*** THE DATA Section Begins ***
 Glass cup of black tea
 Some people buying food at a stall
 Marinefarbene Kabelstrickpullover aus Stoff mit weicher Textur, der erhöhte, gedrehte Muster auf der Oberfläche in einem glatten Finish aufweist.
*** THE DATA Section Ends ***
WORK TO BE COMPLETED:
Please reproduce the listing word for word, but only from the line that contains "Some people buying food at a stall" to its last line, inclusive.

FINAL ANSWER:
 Some people buying food at a stall
 Marinefarbene Kabelstrickpullover aus Stoff mit weicher Textur, der erhöhte, gedrehte Muster auf der Oberfläche in einem glatten Finish aufweist.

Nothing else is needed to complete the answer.